What is being asked – Whenever a line in the data holds the string "Pink", pull that line out.

(Stored data)
* * * * *

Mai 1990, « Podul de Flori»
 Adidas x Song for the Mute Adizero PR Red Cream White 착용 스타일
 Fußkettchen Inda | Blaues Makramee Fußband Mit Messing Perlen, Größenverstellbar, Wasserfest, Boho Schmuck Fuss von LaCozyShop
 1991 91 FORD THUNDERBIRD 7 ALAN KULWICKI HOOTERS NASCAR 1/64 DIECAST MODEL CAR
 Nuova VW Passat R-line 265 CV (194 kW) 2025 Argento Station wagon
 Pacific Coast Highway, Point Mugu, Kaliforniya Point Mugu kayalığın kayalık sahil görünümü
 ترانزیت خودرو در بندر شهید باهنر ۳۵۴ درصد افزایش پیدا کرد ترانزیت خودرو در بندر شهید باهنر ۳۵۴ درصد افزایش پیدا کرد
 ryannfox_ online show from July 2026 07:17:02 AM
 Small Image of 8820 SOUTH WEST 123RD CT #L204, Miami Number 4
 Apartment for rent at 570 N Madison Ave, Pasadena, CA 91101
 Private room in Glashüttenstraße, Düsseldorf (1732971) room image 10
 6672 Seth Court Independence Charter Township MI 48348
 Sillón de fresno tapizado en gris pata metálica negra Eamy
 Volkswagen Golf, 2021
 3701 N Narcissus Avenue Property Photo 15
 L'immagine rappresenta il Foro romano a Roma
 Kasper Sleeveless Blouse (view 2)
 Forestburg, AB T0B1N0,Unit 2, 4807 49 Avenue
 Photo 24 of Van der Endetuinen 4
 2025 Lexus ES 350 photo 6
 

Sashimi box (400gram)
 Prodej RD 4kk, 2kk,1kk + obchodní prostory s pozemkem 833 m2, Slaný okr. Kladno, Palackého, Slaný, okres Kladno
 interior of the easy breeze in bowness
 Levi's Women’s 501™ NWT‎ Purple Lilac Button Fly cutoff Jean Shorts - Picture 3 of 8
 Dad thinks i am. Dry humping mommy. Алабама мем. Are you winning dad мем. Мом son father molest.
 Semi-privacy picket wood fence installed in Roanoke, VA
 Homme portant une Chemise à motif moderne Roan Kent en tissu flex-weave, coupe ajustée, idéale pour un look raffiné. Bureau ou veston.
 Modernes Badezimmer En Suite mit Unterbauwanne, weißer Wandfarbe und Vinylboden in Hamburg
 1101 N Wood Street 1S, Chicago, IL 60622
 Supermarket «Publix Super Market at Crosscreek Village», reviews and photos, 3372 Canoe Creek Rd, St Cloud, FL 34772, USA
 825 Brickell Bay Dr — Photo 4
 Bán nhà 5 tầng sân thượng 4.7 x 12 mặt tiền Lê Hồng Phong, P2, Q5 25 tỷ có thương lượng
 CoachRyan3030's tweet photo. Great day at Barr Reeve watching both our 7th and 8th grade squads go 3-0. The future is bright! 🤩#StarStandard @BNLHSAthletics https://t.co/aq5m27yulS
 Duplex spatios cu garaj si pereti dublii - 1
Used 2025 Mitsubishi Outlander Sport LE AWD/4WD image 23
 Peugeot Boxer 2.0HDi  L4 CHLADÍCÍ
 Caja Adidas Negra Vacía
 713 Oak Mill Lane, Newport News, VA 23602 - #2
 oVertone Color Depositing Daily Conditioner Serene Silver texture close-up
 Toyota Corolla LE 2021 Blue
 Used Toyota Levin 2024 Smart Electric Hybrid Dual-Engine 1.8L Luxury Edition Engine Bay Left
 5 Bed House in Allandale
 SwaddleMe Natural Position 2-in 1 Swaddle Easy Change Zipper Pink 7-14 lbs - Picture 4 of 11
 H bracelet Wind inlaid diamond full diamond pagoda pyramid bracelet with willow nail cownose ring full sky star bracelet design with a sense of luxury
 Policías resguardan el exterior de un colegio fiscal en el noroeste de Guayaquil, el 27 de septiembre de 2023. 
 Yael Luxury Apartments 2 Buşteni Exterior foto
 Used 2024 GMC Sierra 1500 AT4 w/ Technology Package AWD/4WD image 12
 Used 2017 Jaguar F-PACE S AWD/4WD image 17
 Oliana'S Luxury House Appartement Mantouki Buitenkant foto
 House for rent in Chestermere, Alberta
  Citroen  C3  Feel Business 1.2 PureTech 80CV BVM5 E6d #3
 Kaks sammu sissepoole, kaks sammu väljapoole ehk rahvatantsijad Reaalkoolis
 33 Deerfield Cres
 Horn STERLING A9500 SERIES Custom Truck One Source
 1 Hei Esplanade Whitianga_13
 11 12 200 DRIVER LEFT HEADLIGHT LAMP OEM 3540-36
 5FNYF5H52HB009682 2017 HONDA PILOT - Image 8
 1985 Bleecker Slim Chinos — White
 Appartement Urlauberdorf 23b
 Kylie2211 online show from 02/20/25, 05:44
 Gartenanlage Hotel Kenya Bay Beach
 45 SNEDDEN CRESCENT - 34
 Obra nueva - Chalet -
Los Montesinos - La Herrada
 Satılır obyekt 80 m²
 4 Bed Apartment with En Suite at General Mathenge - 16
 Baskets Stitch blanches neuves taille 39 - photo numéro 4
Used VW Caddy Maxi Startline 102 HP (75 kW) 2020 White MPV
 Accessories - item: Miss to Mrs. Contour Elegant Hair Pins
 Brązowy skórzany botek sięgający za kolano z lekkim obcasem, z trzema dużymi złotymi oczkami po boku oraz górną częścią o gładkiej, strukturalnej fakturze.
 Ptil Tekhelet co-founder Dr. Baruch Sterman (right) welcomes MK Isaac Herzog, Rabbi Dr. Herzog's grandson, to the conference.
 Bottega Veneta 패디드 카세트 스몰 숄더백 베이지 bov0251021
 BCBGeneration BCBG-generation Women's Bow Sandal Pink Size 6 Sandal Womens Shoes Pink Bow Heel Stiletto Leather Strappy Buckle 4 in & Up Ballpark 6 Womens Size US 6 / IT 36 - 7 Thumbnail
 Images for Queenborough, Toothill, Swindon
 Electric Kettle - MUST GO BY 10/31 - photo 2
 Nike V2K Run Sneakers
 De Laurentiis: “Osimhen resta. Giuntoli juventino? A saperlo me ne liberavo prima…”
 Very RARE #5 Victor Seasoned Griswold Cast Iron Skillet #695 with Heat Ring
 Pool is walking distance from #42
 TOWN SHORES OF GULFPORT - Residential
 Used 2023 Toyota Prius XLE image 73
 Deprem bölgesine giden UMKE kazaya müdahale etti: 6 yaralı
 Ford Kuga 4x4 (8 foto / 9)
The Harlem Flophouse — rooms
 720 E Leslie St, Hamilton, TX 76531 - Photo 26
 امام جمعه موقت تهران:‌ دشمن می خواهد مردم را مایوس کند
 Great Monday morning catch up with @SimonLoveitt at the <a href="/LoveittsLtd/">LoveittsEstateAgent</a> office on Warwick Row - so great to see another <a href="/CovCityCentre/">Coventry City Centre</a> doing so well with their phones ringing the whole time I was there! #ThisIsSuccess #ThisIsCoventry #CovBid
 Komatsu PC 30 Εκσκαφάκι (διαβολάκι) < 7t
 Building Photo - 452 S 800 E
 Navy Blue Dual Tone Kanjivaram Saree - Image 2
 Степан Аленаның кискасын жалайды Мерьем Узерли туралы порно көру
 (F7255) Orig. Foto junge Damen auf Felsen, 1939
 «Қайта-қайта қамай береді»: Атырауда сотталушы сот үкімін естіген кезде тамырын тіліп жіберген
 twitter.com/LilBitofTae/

* * * * *

Output for this task –
 SwaddleMe Natural Position 2-in 1 Swaddle Easy Change Zipper Pink 7-14 lbs - Picture 4 of 11
 BCBGeneration BCBG-generation Women's Bow Sandal Pink Size 6 Sandal Womens Shoes Pink Bow Heel Stiletto Leather Strappy Buckle 4 in & Up Ballpark 6 Womens Size US 6 / IT 36 - 7 Thumbnail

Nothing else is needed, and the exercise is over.